8-digits, red LED display.
Four-function, square, reciprocal, memory.
4x button cells in slide-in pack, either expendable or rechargeable using a separate charger (TRL).
170 x 58 x 15 mm (6.7" x 2.3" x 0.6").
Made in Germany.
The battery pack slides out of the calculator to replace expendable button cells, or for recharging in a separate charger if using rechargeable cells.
The battery pack has been completely removed. The button cells can be seen inside.
A slide rule is attached to the back of the calculator, which provides extra, advanced, functions beyond the simple functions of the electronic calculator.
This photograph shows the second side of the slider which has extra functions.
Note that, due to having the slide-rule on the back, the screws holding the casing together screw in from the front so the screw heads show a little inelegantly on the front.
Faber-Castell produced three models of combined electronic calculator and slide-rule; in order of increasing functionality, the TR1, TR2, and TR3 (where the electronic calculator has scientific functions). They also produced three models of similar size electronic calculators without the slide rule; the Faber-Castell TR1N & TRX and the JohannFaber 76 (see photograph below).
Faber-Castell TR2 and TR1. The TR2 appears to have a green LED display but this may be the colour of the circuit board surrounding the display seen through the clear window since photographs of the TR2 with the display illuminated show red LEDs.
JohannFaber 76 with TRL charging unit (top right), operating instructions and carrying case.
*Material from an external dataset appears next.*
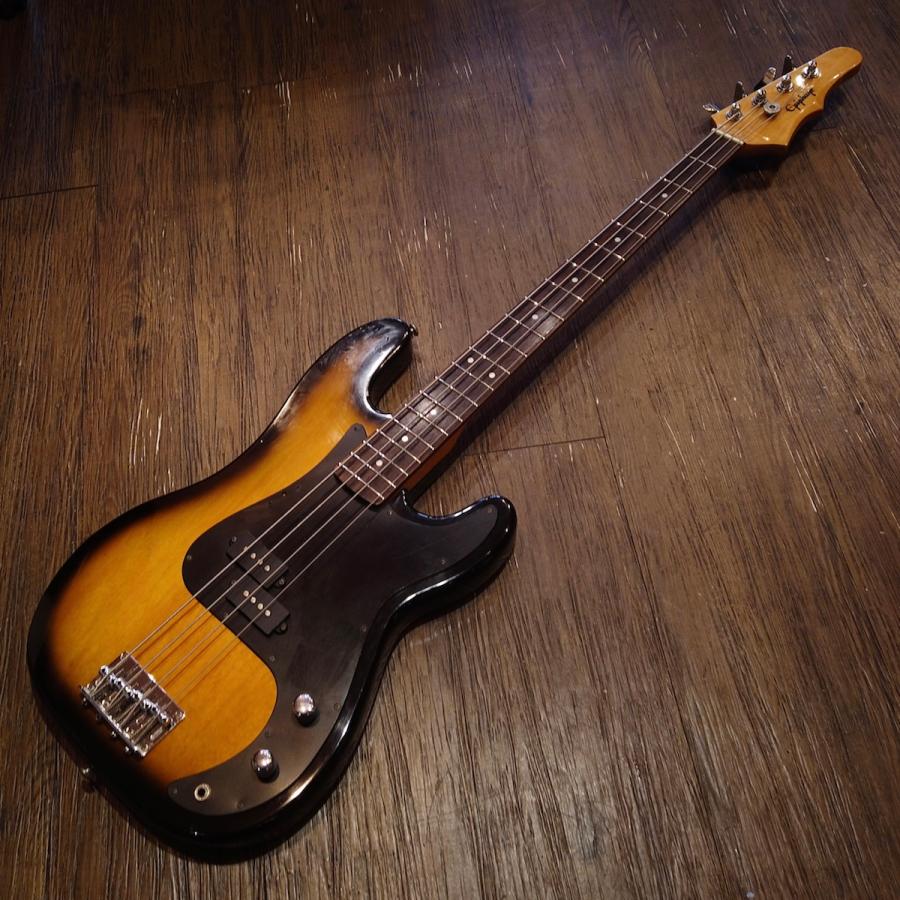 Epiphone エピフォン Accu Bass プレべタイプ エレキベース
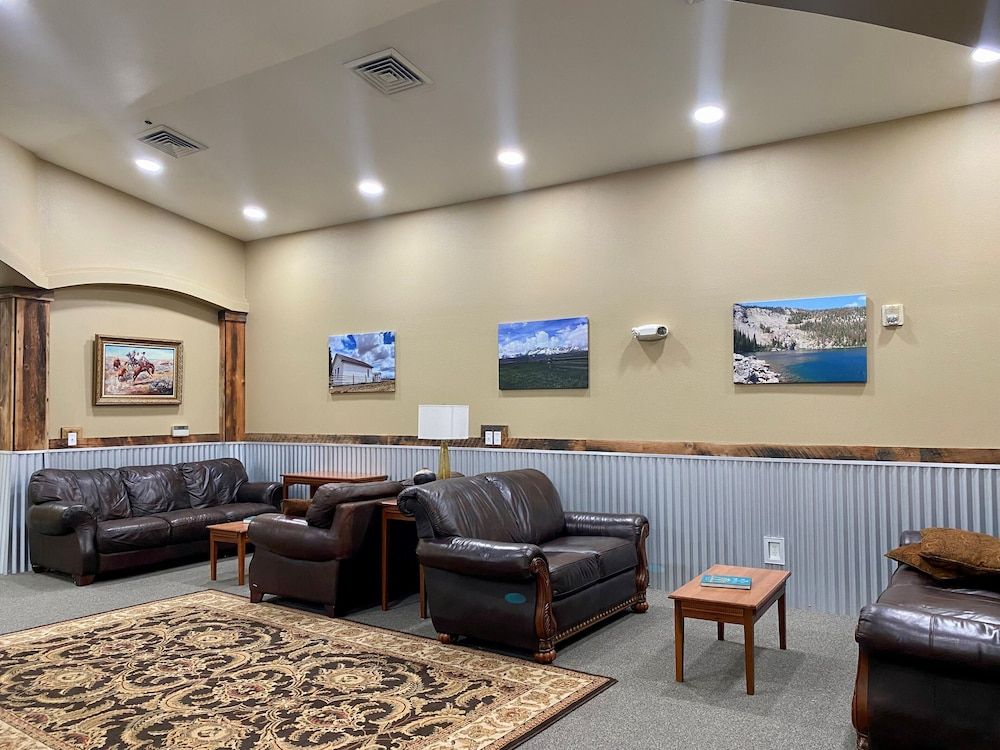 Red Rock Lodge 3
The date of the introduction of the TR1 in 1974 was unfortunate since it was after the first scientific hand-held electronic calculators had arrived, heralded by the Hewlett-Packard HP-35, which started to provide the same functionality as the slide-rule. Competition in this area was soon very fierce, Faber-Castell could not compete and departed the calculator market in 1975 to concentrate on its core business of graphic arts supplies.